▸ **Task directions**
The lines wanted are those from the one containing "Snapshot of Im_Valen_Cute" to the last line of the entries below; output them exactly, leaving out pictures.

______

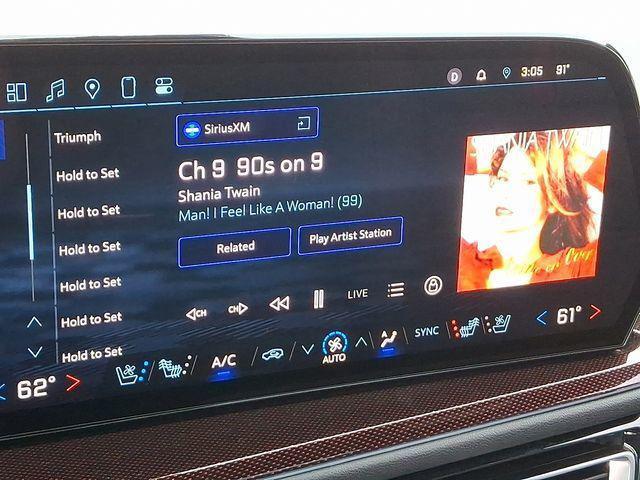 used 2024 Chevrolet Traverse car, priced at $49,986
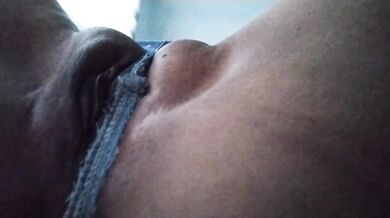 Mi Vagina hinchada recién depilada en el trabajo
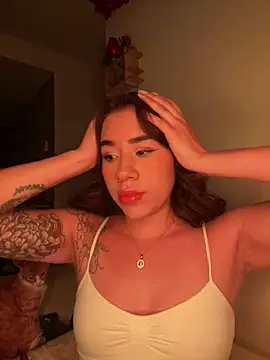Snapshot of Im_Valen_Cute chatting on 04.25.26 Im Valen Cute online show from 04.25.26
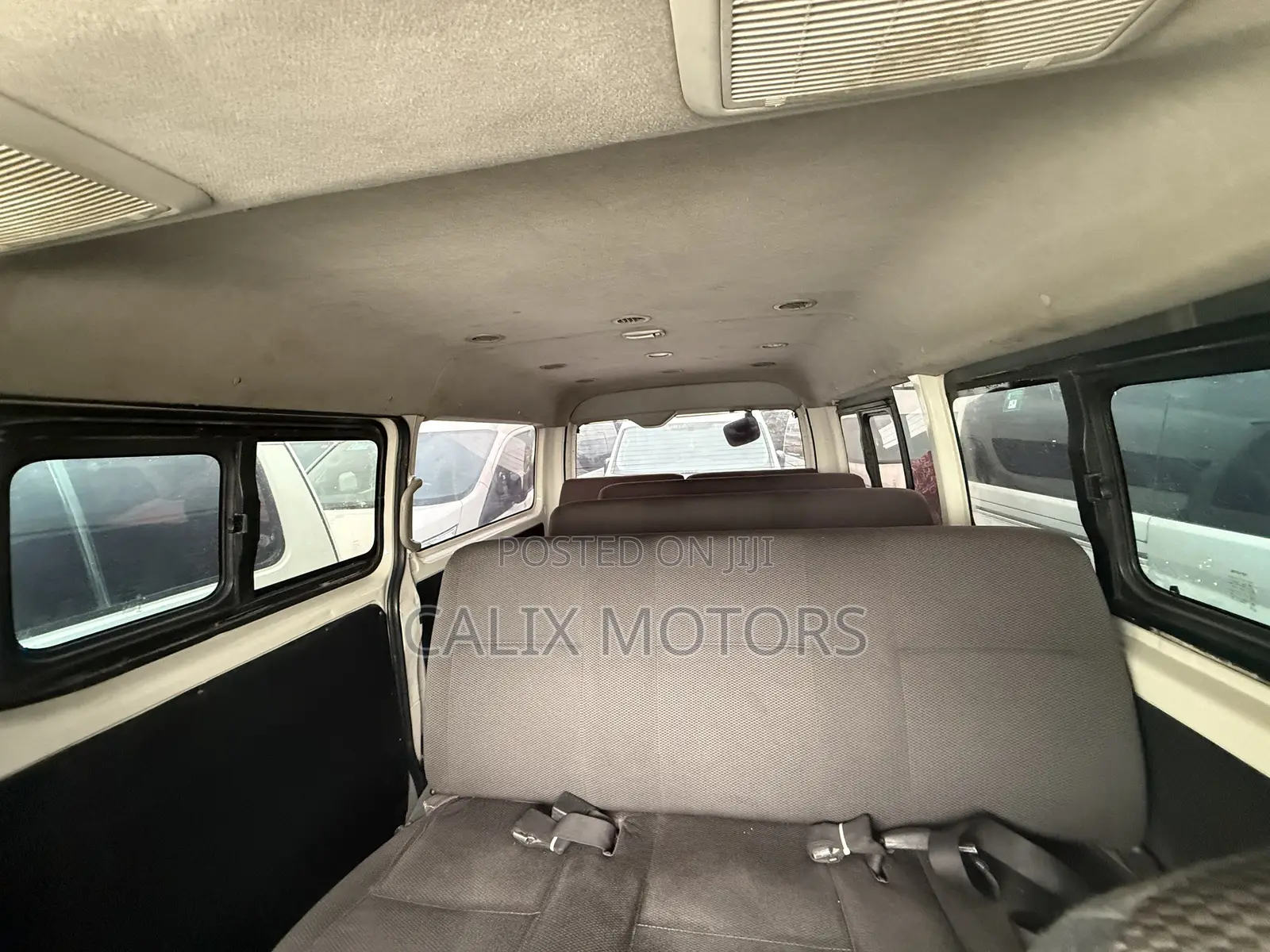 Toyota HiAce 2015 White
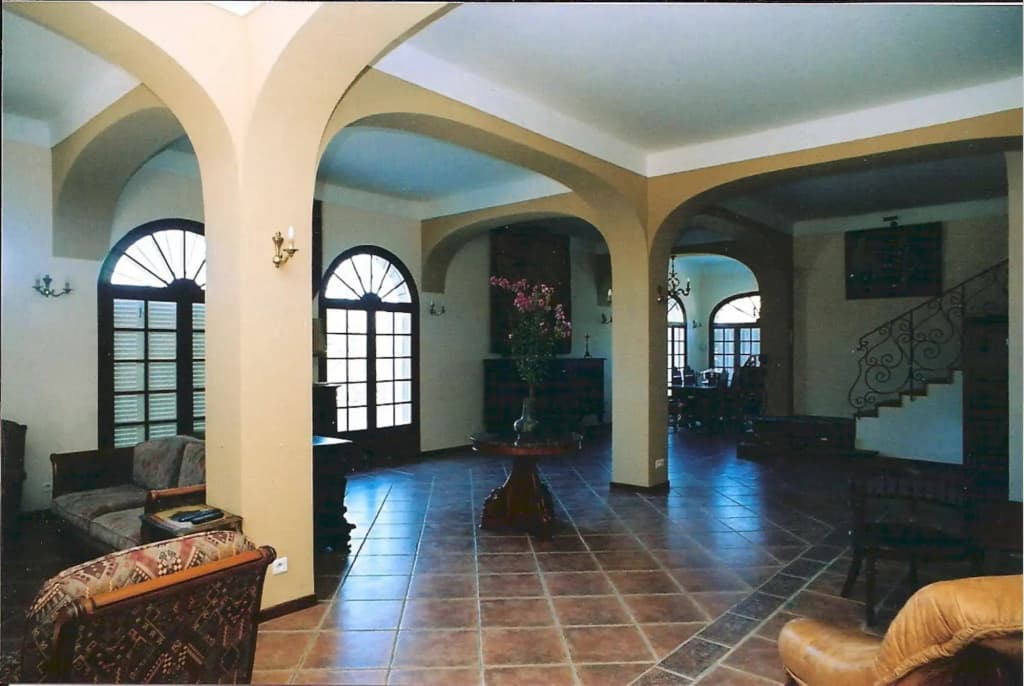 The Manor - Photo 2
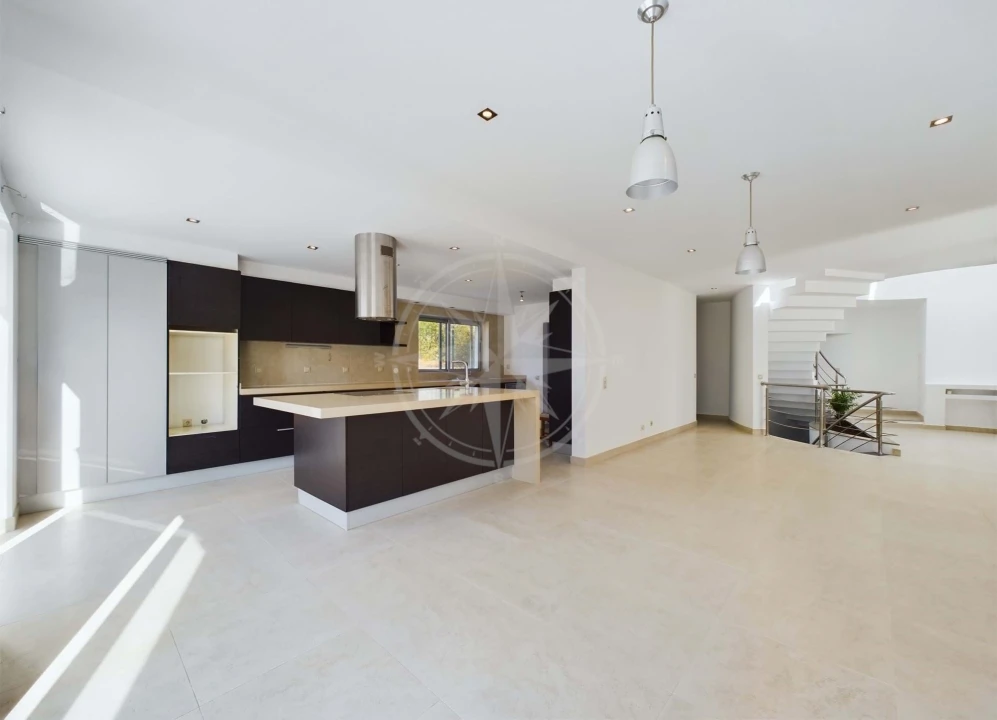 Moradia T5 para Venda em Tavira (Santa Maria e Santiago) Foto 4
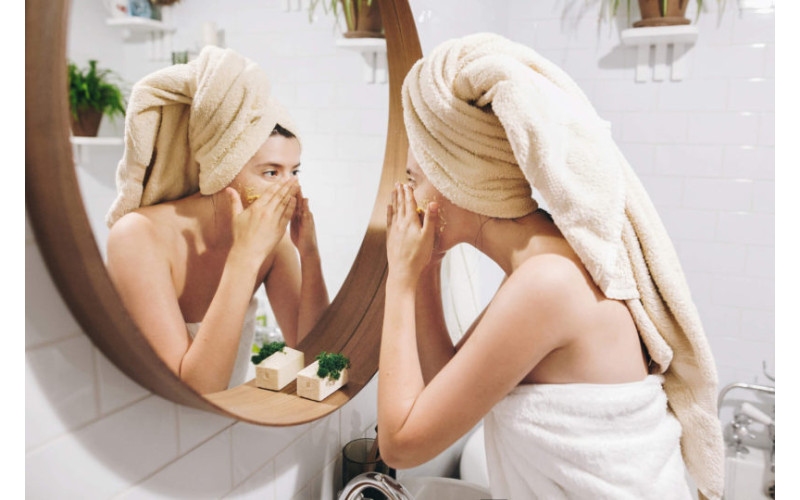 4 dicas imperdíveis para fechar os poros do rosto 
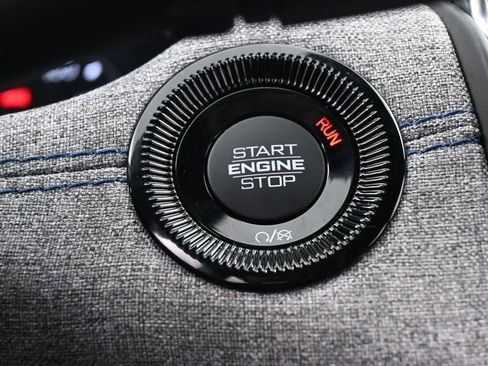 New 2026 Jeep Compass Latitude image 26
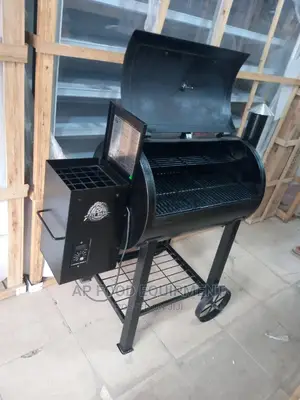 Big BBQ Grill Charcoal.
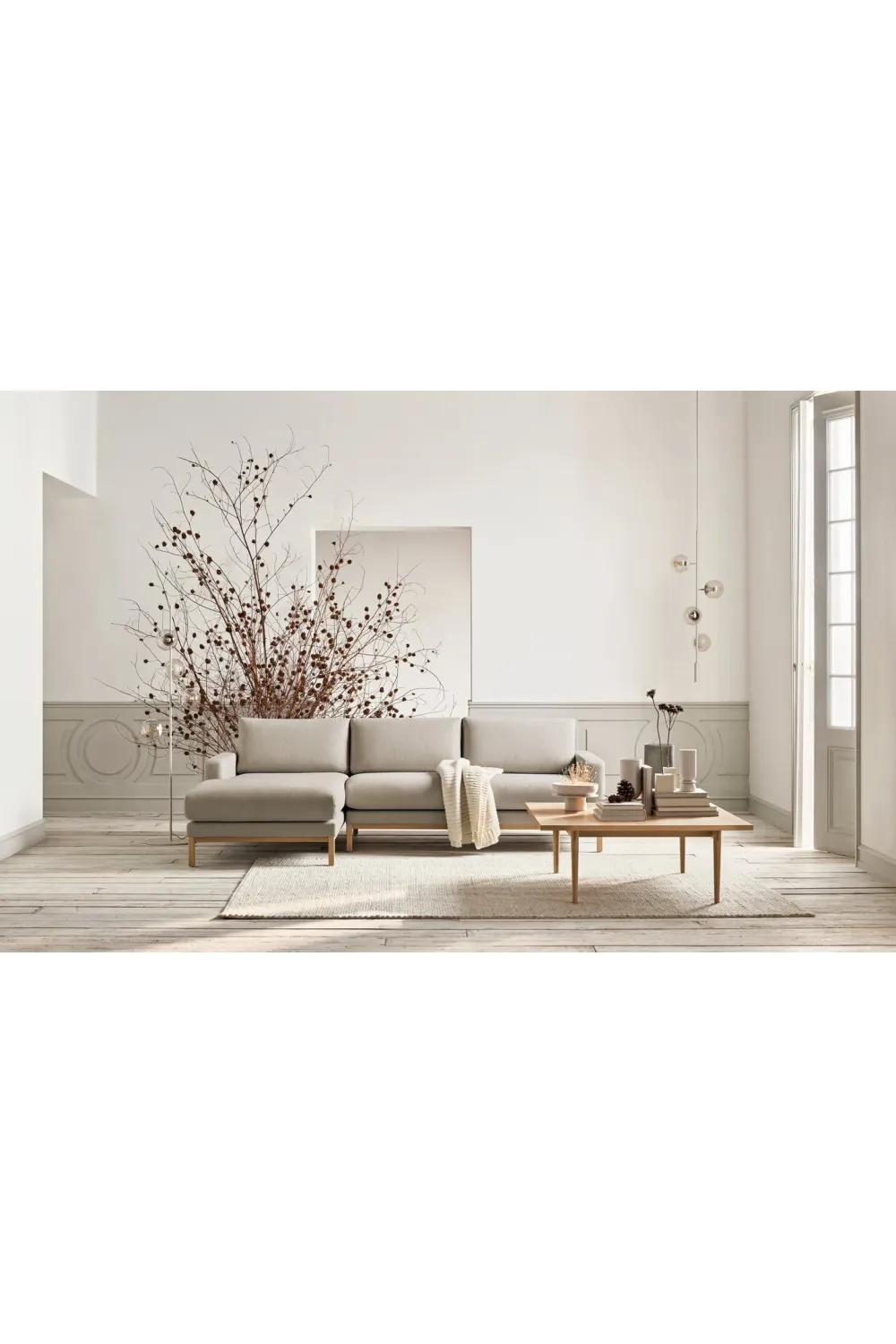 Lacquered Oak Scandinavian Coffee Table S | Bolia Berlin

______

▸ **Output for this task**
Snapshot of Im_Valen_Cute chatting on 04.25.26 Im Valen Cute online show from 04.25.26
 Toyota HiAce 2015 White
 The Manor - Photo 2
 Moradia T5 para Venda em Tavira (Santa Maria e Santiago) Foto 4
 4 dicas imperdíveis para fechar os poros do rosto 
 New 2026 Jeep Compass Latitude image 26
 Big BBQ Grill Charcoal.
 Lacquered Oak Scandinavian Coffee Table S | Bolia Berlin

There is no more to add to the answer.